Grande Encyclopédie Larousse 1971-1976Éd. 1971-1976
B

bouddhisme (suite)

Le bouddhisme populaire après la période de Kamakura

Après le xive s., le bouddhisme cessa pratiquement de se renouveler au Japon. Les sectes existantes, jōdo-shū, jōdo-shinshū, nichiren-shū, zen-shū, shingon-shū et tendai-shū, pour ne pas parler des sectes mineures ou des innombrables sous-sectes, continuèrent d’évoluer, mais sans esprit novateur. Cependant, l’enseignement diffusé par les sectes bouddhiques avait pénétré profondément dans toutes les couches de la société japonaise, se mêlant (zen-shū et jōdo-shinshū exceptés) aux croyances populaires et au shintō. Avec l’avènement de nouvelles couches de la société à l’époque des shōgun Tokugawa (1603-1867), et avec le nouveau développement de l’influence chinoise, on voit certaines divinités bouddhiques se colorer d’une personnalité nouvelle et apparaître des cultes jusque-là inconnus, les uns empruntés à la tradition chinoise, les autres émergeant du folklore local (ainsi le culte de certaines divinités du Bonheur et de la Fortune). Le bouddhisme japonais tendit à se populariser et à absorber des croyances très diverses, ce qui lui permit, dans un certain sens, de survivre à la stagnation qu’il fut obligé de subir sur le plan intellectuel pendant l’époque d’Edo, les philosophies néo-confucianistes et l’éthique du zen étant alors presque exclusivement à l’honneur. Le bouddhisme se confine alors dans des rôles sociaux (registres de population, œuvres pieuses) et dans une hiérarchisation de ses temples.

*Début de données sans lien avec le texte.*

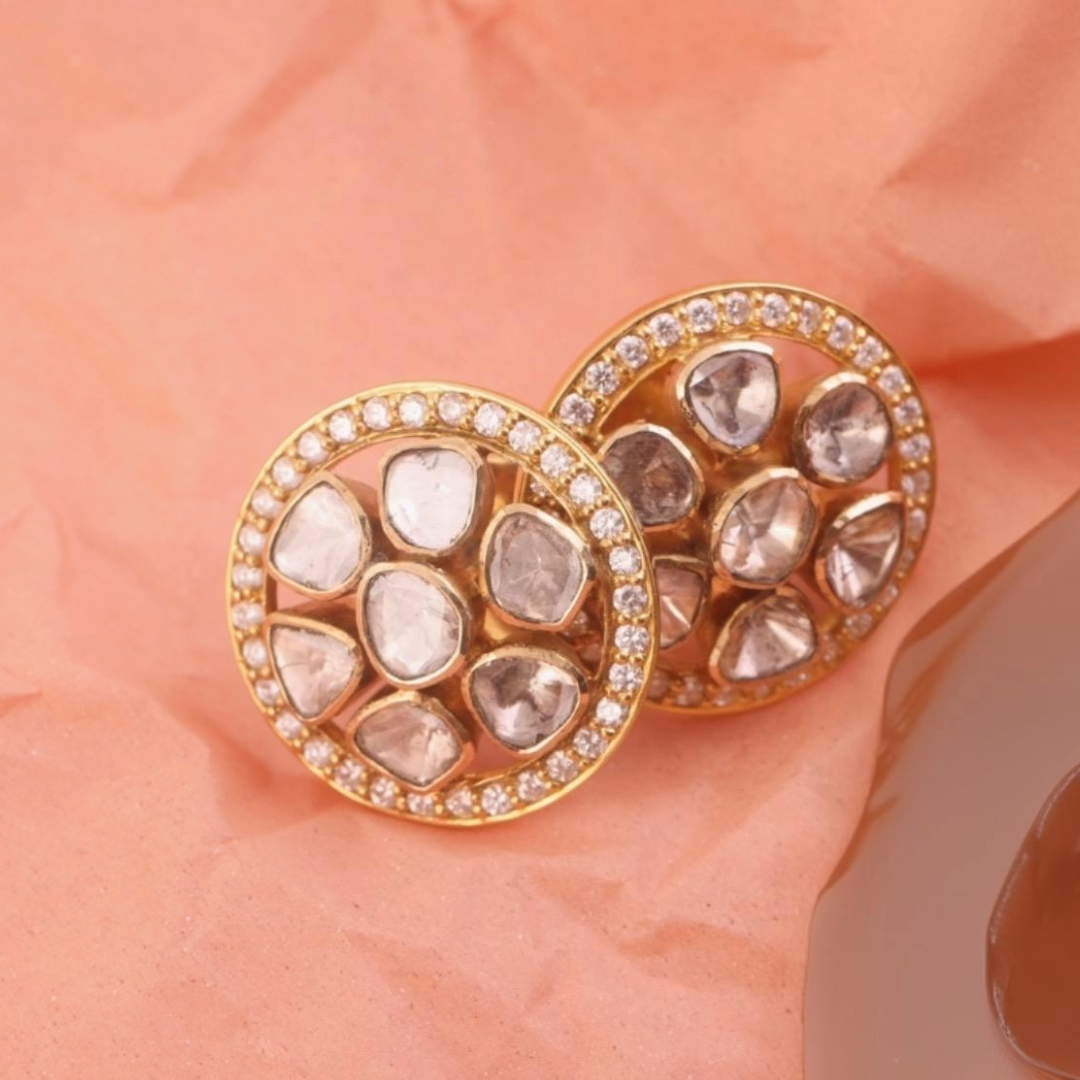 18K Gold Uncut Diamond Flower Earrings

Cependant, quelques personnalités de premier plan apparaissent, surtout chez les religieux zen, tels que Hakuin (1685-1768), Takuan (1573-1645), Suzuki Shōsan (1579-1655), Ingen (1592-1673 ; importateur de la secte ōbaku). Certains moines zen jouent le rôle de conseillers auprès des shogun...

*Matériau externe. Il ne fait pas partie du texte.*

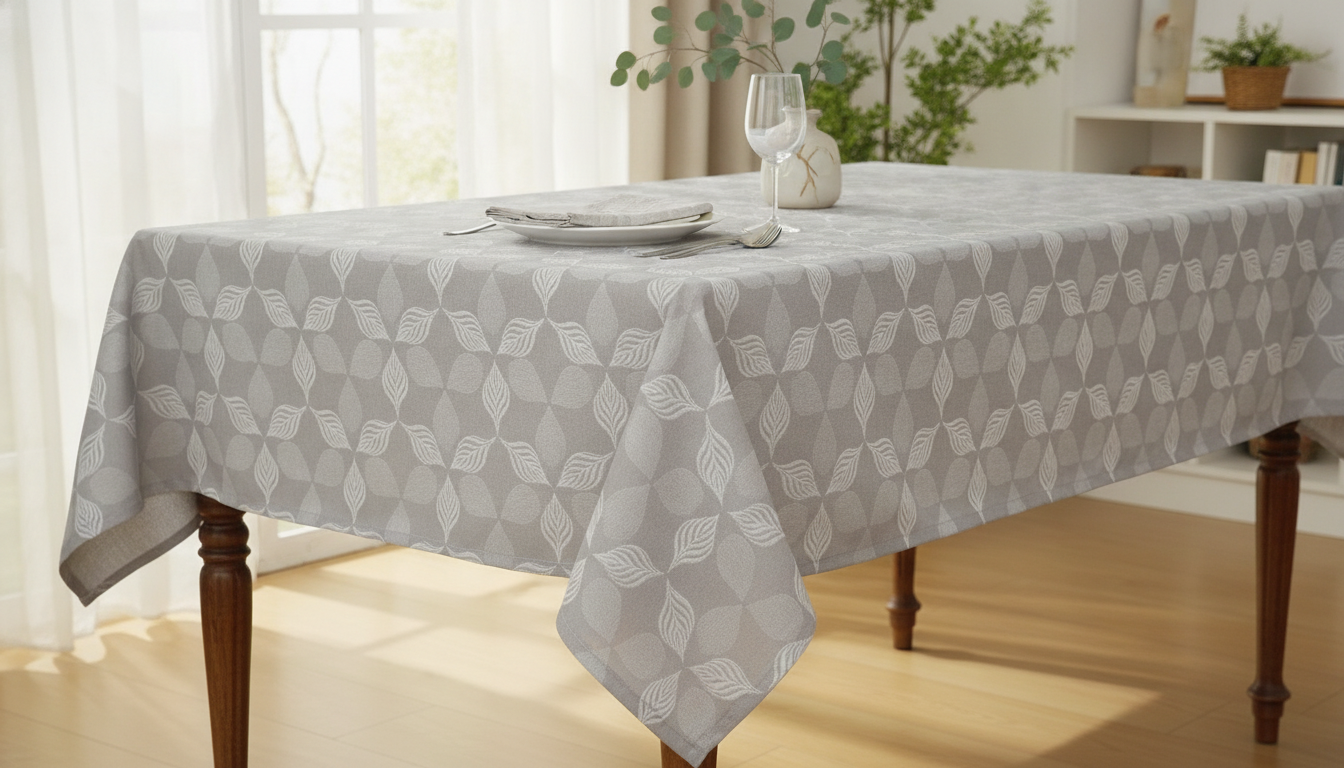 Grey Floral Jacquard Rectangle Tablecloth: Elegant Drape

La restauration de l’ère Meiji en 1868 et la séparation officielle du shintō d’État et du bouddhisme contraignirent ce dernier, jusqu’à un certain point, à se réformer et à prendre ses distances à l’égard des cultes populaires, phénomène qui contribua sans doute, dans une certaine mesure, à favoriser le développement de sectes nouvelles indépendantes plus ou moins syncrétiques que l’on englobe sous le nom de « shinkō-shūkyō » ou « nouvelles religions établies ». Parmi celles-ci, nous citerons le tenri-kyō, ou « religion de la sagesse divine », le konkō-kyō, ou « religion de la lumière d’or » et, comme exemple de groupement religieux moderne s’inspirant du bouddhisme, la sōka gakkai, ou « société pour l’étude des valeurs créatives », dont la doctrine religieuse d’entraide, prétendant être la seule dépositaire de l’orthodoxie nichirénite, se fonde sur les doctrines de Nichiren et sur le texte du sūtra du lotus. Cependant, les sectes orthodoxes connurent (et connaissent encore) un certain regain de popularité. Ces nouvelles religions ont, pour la plupart, emprunté au shintō primitif sa tradition aniconique et n’ont donné naissance à aucune forme originale d’art religieux. Mais l’esprit populaire a gardé vivaces jusqu’à nos jours les cultes de la plupart des divinités du panthéon bouddhique.

L. F.


Le bouddhisme chinois


L’histoire

Introduit en Chine dès le ier s. de notre ère, le bouddhisme joua un rôle capital aussi bien dans la vie que dans la culture chinoises. Et c’est aussi grâce à la Chine que le bouddhisme connut un essor extraordinaire et se répandit dans toute l’Asie.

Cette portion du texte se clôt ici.